__Source records__.
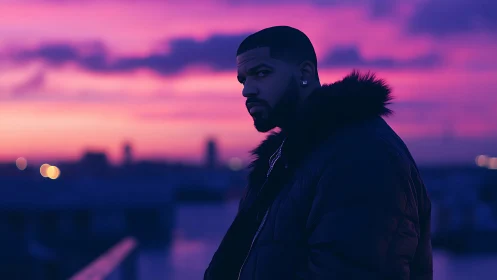 Quiet city rooftop moment under a dreamy purple sunset.
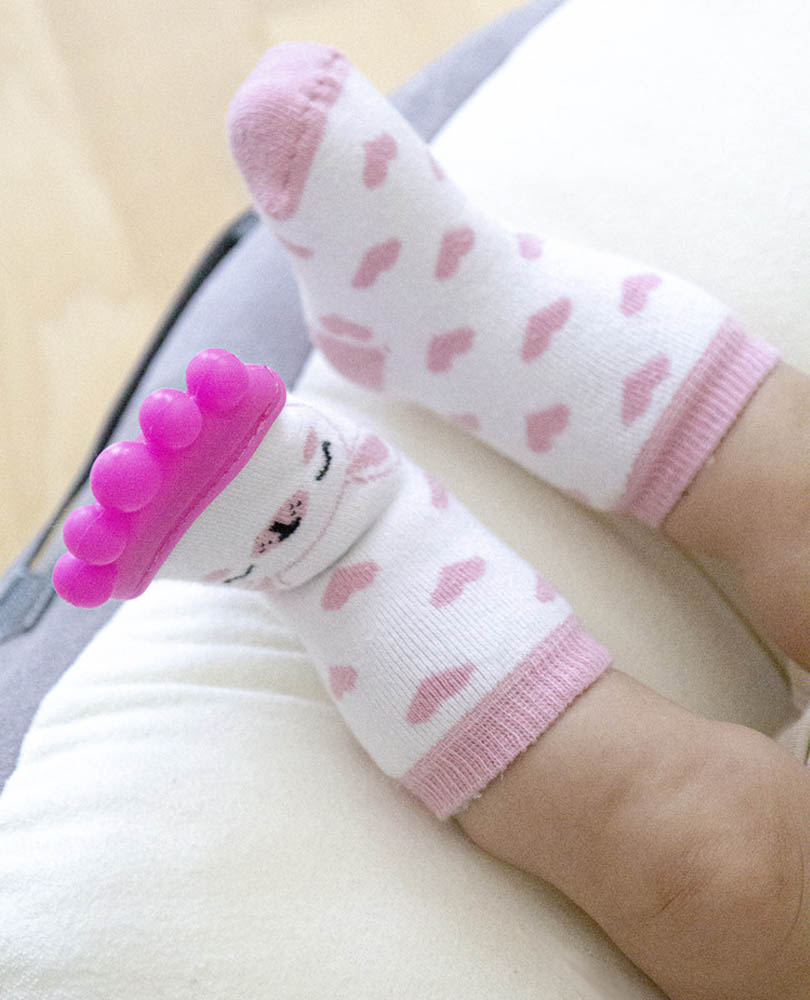 Babyjem - Teether Sock - Pink 3-12 Months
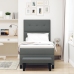 Cama Box Spring con Colchón y Banco Gris Oscuro 90x200 cm Tela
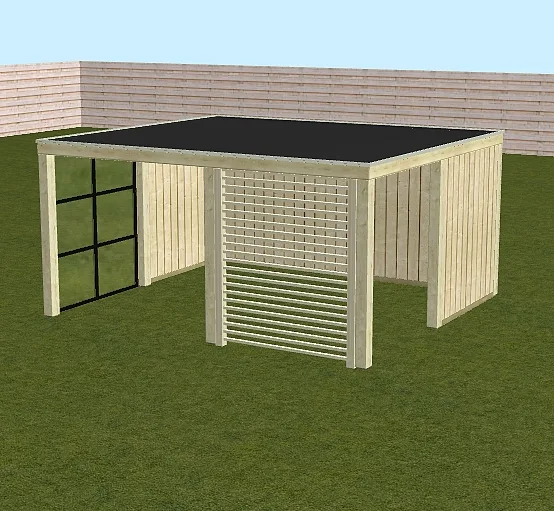 Overkapping 'Nerida' - Vuren steigerhout - 4,3 x 3,8 m
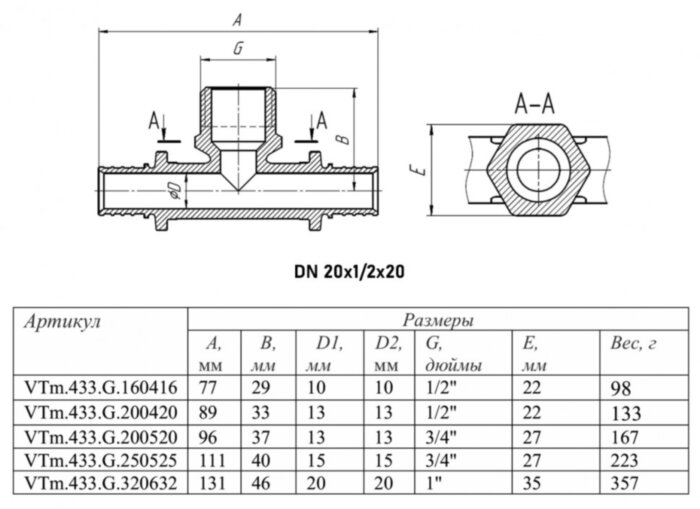 Тройник переходной VALTEC VTm.433.G НР 1/2" DN 20x15x20 PN 16 латунный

__Assignment__.
Pictures stay out of the copy; print the material above exactly.

__Answer section__.
 Quiet city rooftop moment under a dreamy purple sunset.
 Babyjem - Teether Sock - Pink 3-12 Months
 Cama Box Spring con Colchón y Banco Gris Oscuro 90x200 cm Tela
 Overkapping 'Nerida' - Vuren steigerhout - 4,3 x 3,8 m
 Тройник переходной VALTEC VTm.433.G НР 1/2" DN 20x15x20 PN 16 латунный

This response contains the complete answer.